Comentario de D. Santiago a las lecturas del domingo 25 de octubre, Trigésimo del Tiempo Ordinario

DOMINGO XXX DE TIEMPO ORDINARIO

Aquel ciego pasó de la oscuridad a la luz del no ver a nadie a poder verlos a todos, de no saber como eran las cosas a disfrutar de ellas. Y todo porque busca a Jesús y éste cambia su ruta para a cercarse al ciego.
El evangelio ha registrado nombres de muchas personas que se encontraron con Jesús y a partir de ese encuentro cambiaron sus vidas, porque se encontraron cara a cara, corazón a corazón, frente a frente.
Bartimeo es ciego y mendigo, está en la cuneta de la vida.

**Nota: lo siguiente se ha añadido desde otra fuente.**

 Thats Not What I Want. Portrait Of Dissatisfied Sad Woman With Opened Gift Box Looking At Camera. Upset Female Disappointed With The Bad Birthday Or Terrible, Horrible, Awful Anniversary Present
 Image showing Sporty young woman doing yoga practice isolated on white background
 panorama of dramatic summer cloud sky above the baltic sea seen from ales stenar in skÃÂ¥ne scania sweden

Pero una esperanza loca eleva su miseria. Se levanta de un salto, deja su manto, todas sus posesiones, y se pone a gritar, a suplicar, a llamar a Jesús desde su esperanza: “¡Hijo de David, ten compasión de mi!”
Quiere ver que rostro hay detrás de esa voz, quiere saber como es la mirada de ese hombre que le espera, quiere reconocer la palabra de Jesús como camino y verdad y está seguro de que esa palabra es también luz que puede sacarlo de su noche, que puede arrancarlo de las tinieblas que lo rodean.

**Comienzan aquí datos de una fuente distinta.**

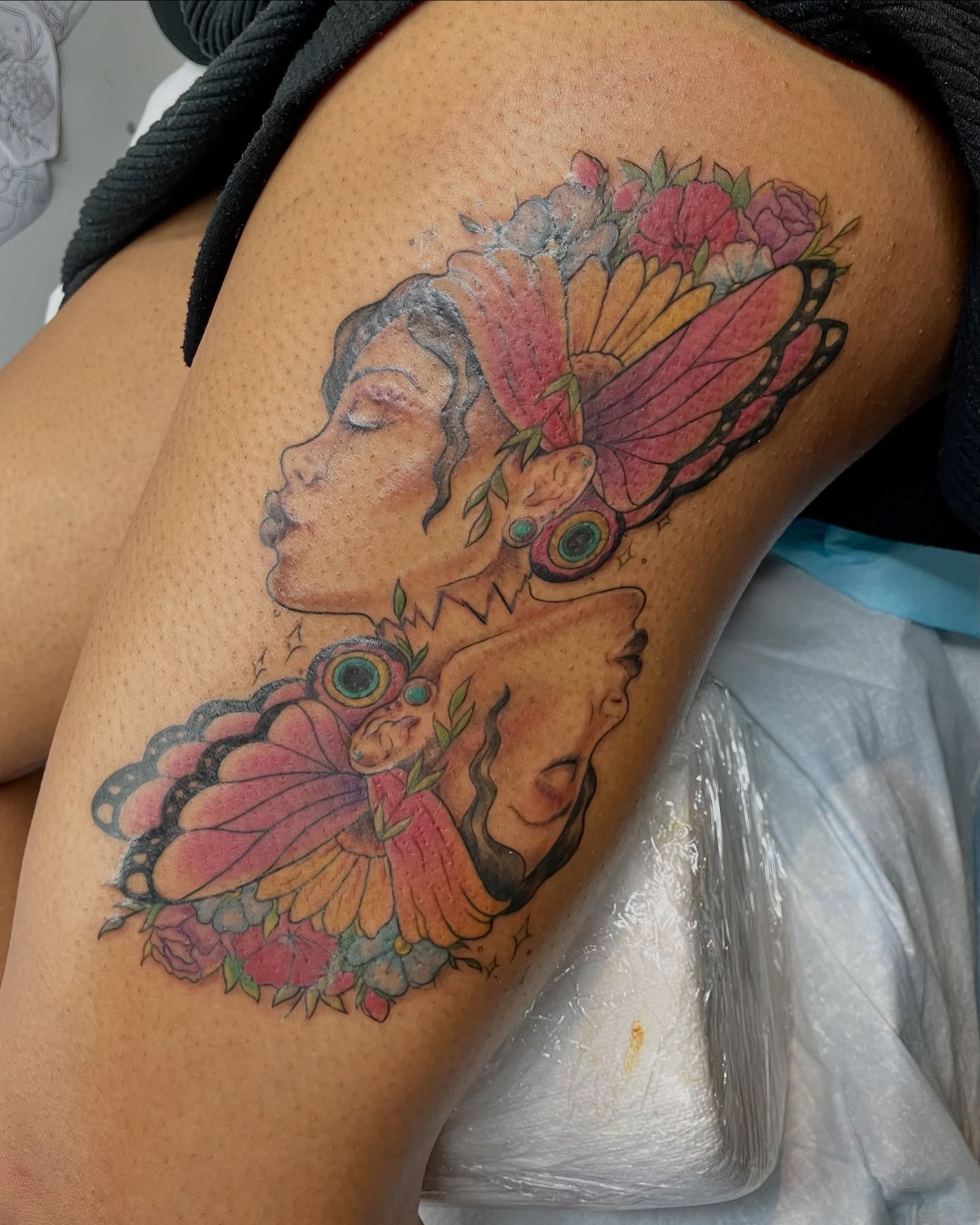 Woman with butterfly wings new school tattoo on the thigh by Christin Baumgart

Casi veinte siglos después, si queremos, podemos tener nuestros encuentros personales con Jesús, con su palabra, con su mensaje, pero para ello hemos de partir de nuestra fe en Él. Esa fe que es un salto desde nuestras ciegas seguridades hacia el riesgo de una promesa que nos arranque nuestras frías seguridades a la aventura de descubrir en Jesús el auténtico amor de Dios, ese amor que nos tiene como Padre, deslumbrarnos con su palabra y su vida y el programa existencial del Evangelio.
El ciego es figura de cada uno de nosotros. Hay tanta gente ciega hoy día, gente ciega a la que se le pone todo tipo de obstáculos, a los que se les dice que se callen, que no busquen a Jesús, que no anhelen la luz y la vista, para que no encuentren a Jesús y en Él un sentido completo de nuestra existencia.

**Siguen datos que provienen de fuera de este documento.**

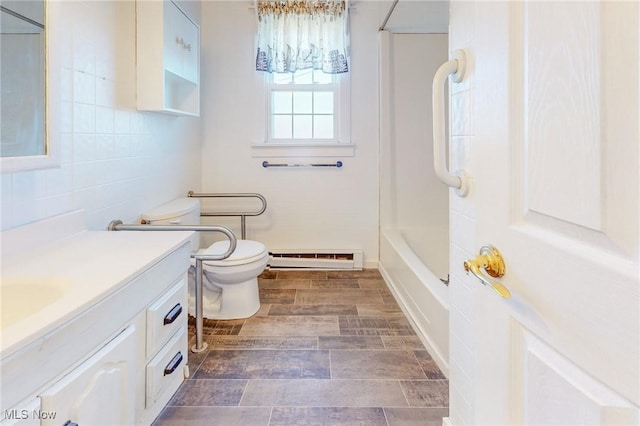 bathroom featuring a baseboard radiator, vanity, toilet, and tile walls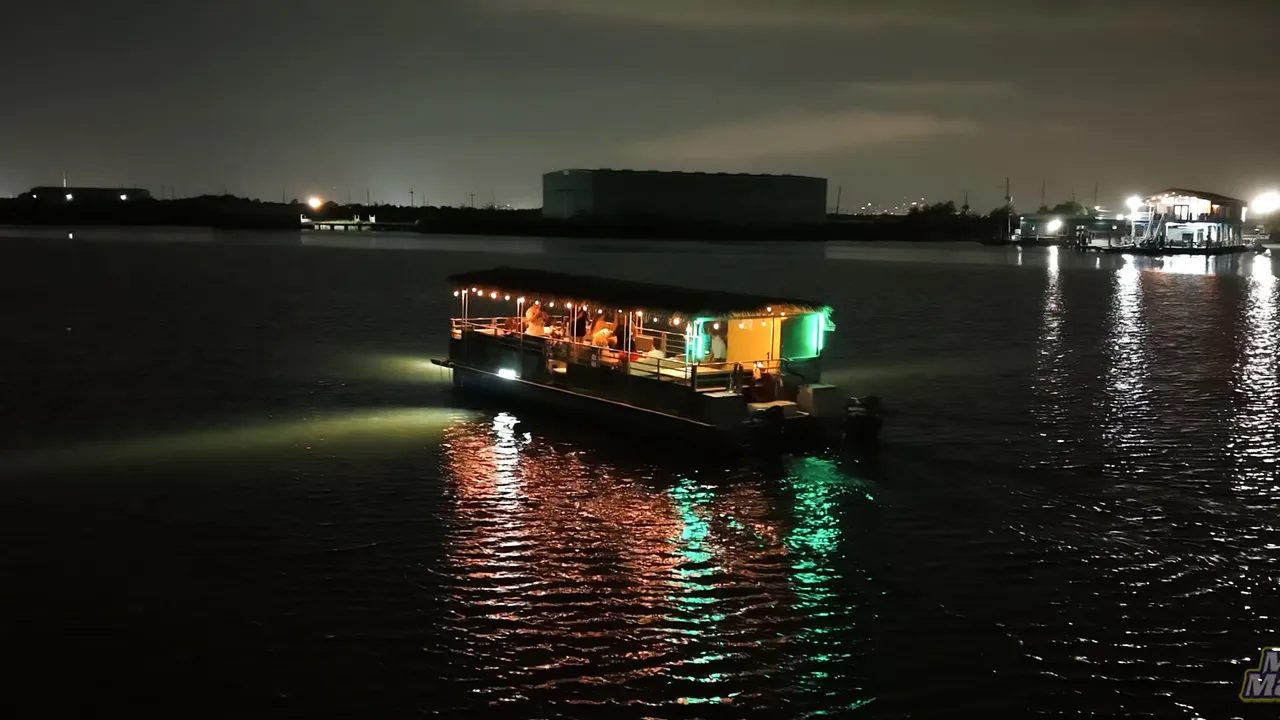 An illuminated passenger boat on the water at night, with lights reflected on the surface.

Pero Jesús sigue pasando a nuestro lado, y quiere oír nuestra voz suplicante, llena de inquietud. Una voz que sigue clamando ¡Ten compasión de mi!
Porque por muy negras que sean las circunstancias, por muy negra que sea la situación en la que vivimos la mayoría de nosotros hoy día, siempre nos espera la luz. Una luz que parte, como el ciego del Evangelio, de la fe del corazón, de la seguridad de que Jesús nos puede sacar de nuestra ceguera.
Y a partir de ese momento hay que aprender a ver. A valorar la belleza que nos rodea despojándola de la fealdad con la que tantos la quieren cubrir. A ver la belleza que hay en el corazón de los hermanos, porque en esos corazones, por mucho que se los quiera enmascarar, está la semilla de Dios.
Nadie nos podrá impedir, como a aquel ciego, sentir la caricia del Maestro que nos quiere arrancar de nuestras oscuridades, de nuestras cegueras.
Arrancarnos la ceguera del pesimismo para vivir en la luz de la esperanza. Librarnos de la ceguera del temor, para ir la luz de la libertad y de la ilusión. Salir de la ceguera de lo triste para disfrutar de la belleza de Dios que nos rodea por todas partes, desde la alegre mirada de un niño llena de ilusión.
Pero sobre todo arrancarnos de la ceguera que cierra nuestra alma, esa ceguera que nos hace sentirnos muy buenos y que nos niega la luz de la conversión. Arrancarnos esa oscuridad y dejar nuestro corazón siempre dispuesto para servir al hermano más necesitado. Porque hemos sido capaces de ver en él la mirada suplicante de Cristo que nos acaba de dar su luz a raudales.